This morning, I was listening to the Morgan Harper Nichols podcast…I love her art, her writing and pretty much everything she shares…she’s a super-talent. I love the podcast because the episodes are typically short 5-10 minute pieces; easy to listen to, a little daily inspiration, and always with a journal prompt at the end. Today’s journal prompt encouraged me to reflect on the last month, on changes that have taken place from last year, and what I’d like to learn for the coming month.
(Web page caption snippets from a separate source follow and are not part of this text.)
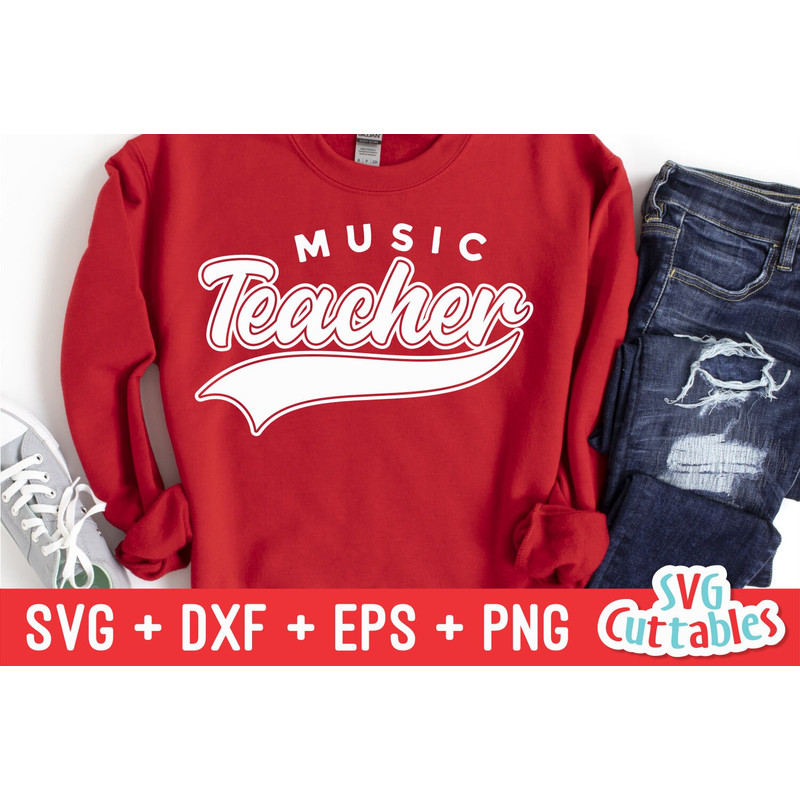 Music Teacher svg - Teacher Cut File - Occupation - Swoosh - svg - dxf - eps - png - Cut File - Silhouette - Cricut - Digital Download - 2.jpg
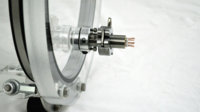 LVC1218-1112-VC Vertical clear vacuum chamber shown with optional power port and spare port image 1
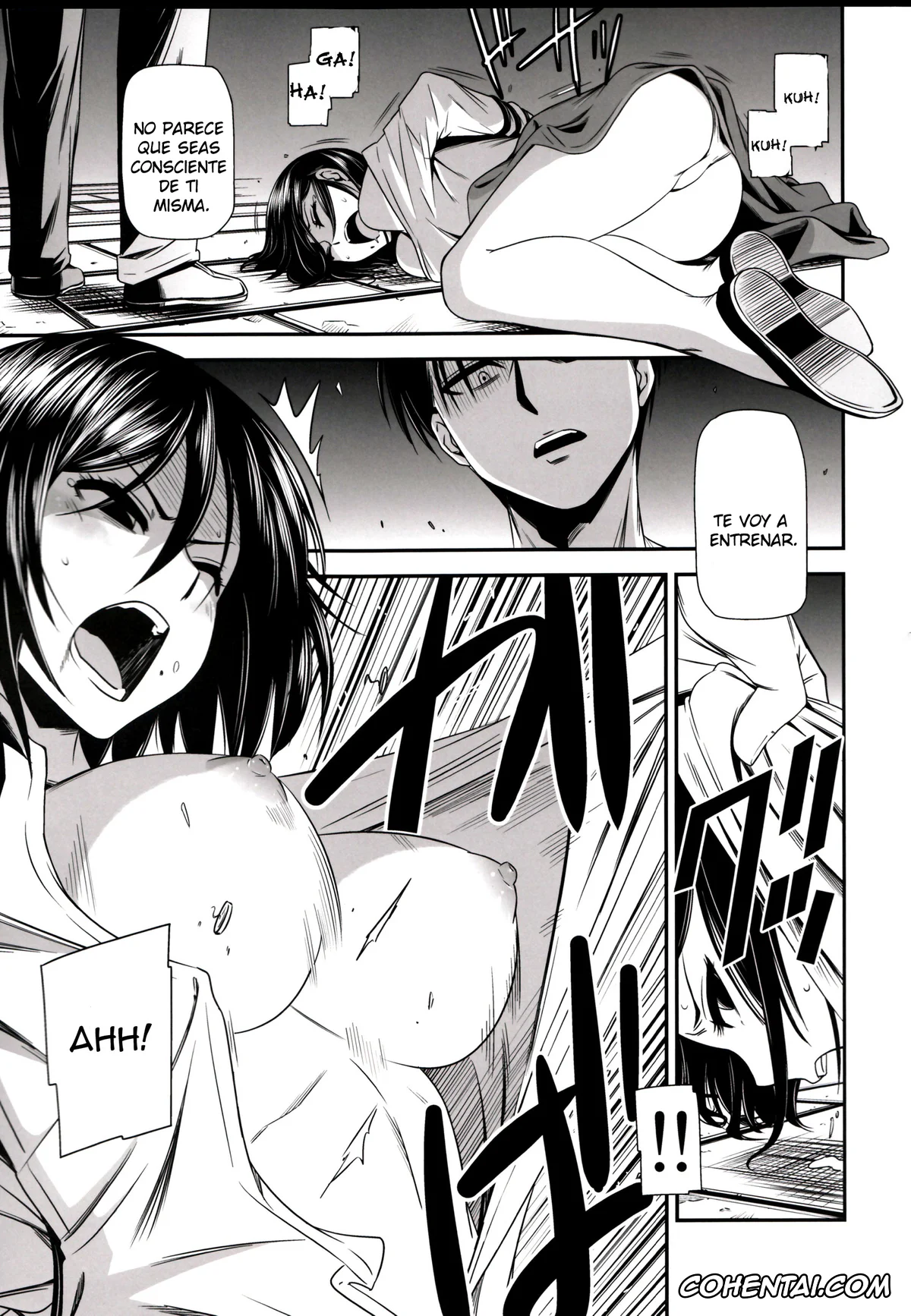 Shingeki No Kyojin | Attack On Titan hentai, Levi Ackerman hentai, Mikasa Ackerman hentai, Gekishin Ni (Shingeki no Kyojin), pagina 9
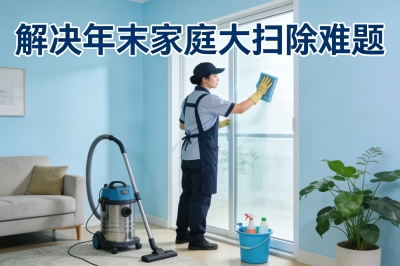 年末家政清洁需求旺盛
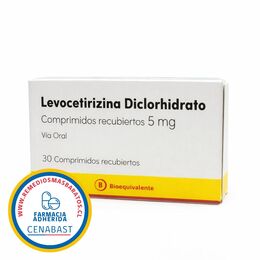 Levocetirizina (B) 5mg 30 Comprimidos Recubiertos - Cenabast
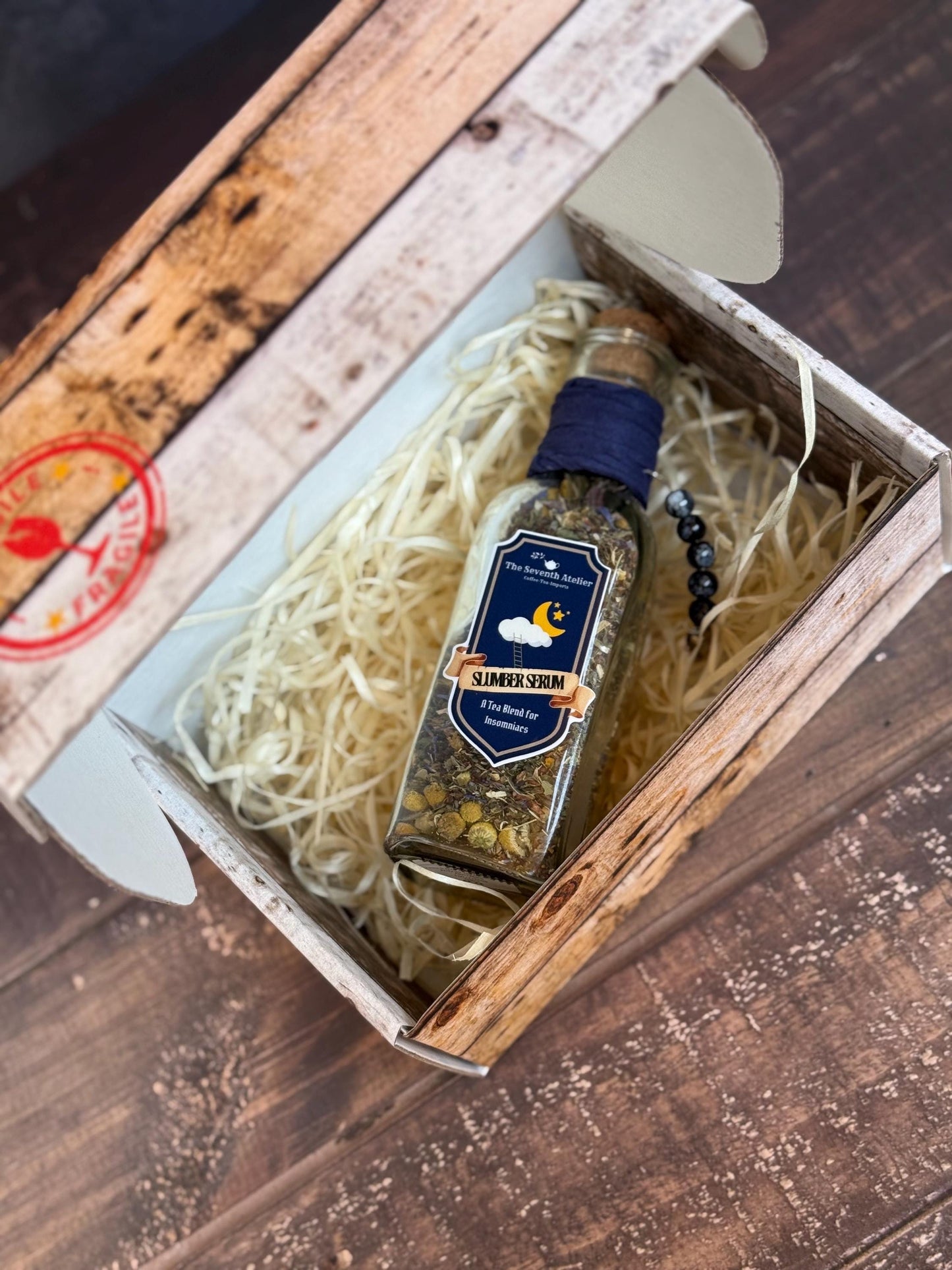 Slumber Serum Tea Blend | Calming Herbal Tea | Peaceful Loose Leaf | Relaxing Bedtime Brew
I find it helpful when I’m in a rut to have these journal prompts.

So in reviewing my past journal entries, I found this poem from November 2020. I didn’t know just yet that we’d be moving hundreds of miles from where we’d been living the last 14 years. But I knew on a soul level that SOMETHING had to change, and that there would need to be radical changes in order to meet the next level of life that we longed for. As author Glennon Doyle would say…Let It Burn!

11/15/20 –
When it’s time to burn the journals
And sell everything you own
When your station in life gets stagnant
And the road calls you to roam
When the home that you’ve known
Starts to revolt, it’s time to bolt
Time to find a frequency as high as your soul

Who’s going to carry all of these things?
Who’s going to care about all of these things?
Collecting dust and turning to rust
Gathering trust to do what you must

We have to shed these attachments
And find more sturdy firmaments
Nothing is ever permanent
Life doesn’t have to be a constant tournament

Sell it all and simplify
I did it before at age 25
Nothing to lose and a will to thrive
It seemed so easy to rewrite a new life

Who will safe guard the images
Of an impermanent existence?
Why would I hold such resistance
Against time that is ever-persistent?

Are they even worth keeping if life is ever-fleeting?
The photos and words that track what we were thinking
Are mistakes just repeating until you find what soul is seeking?
Can we learn then burn our past to find a deeper meaning?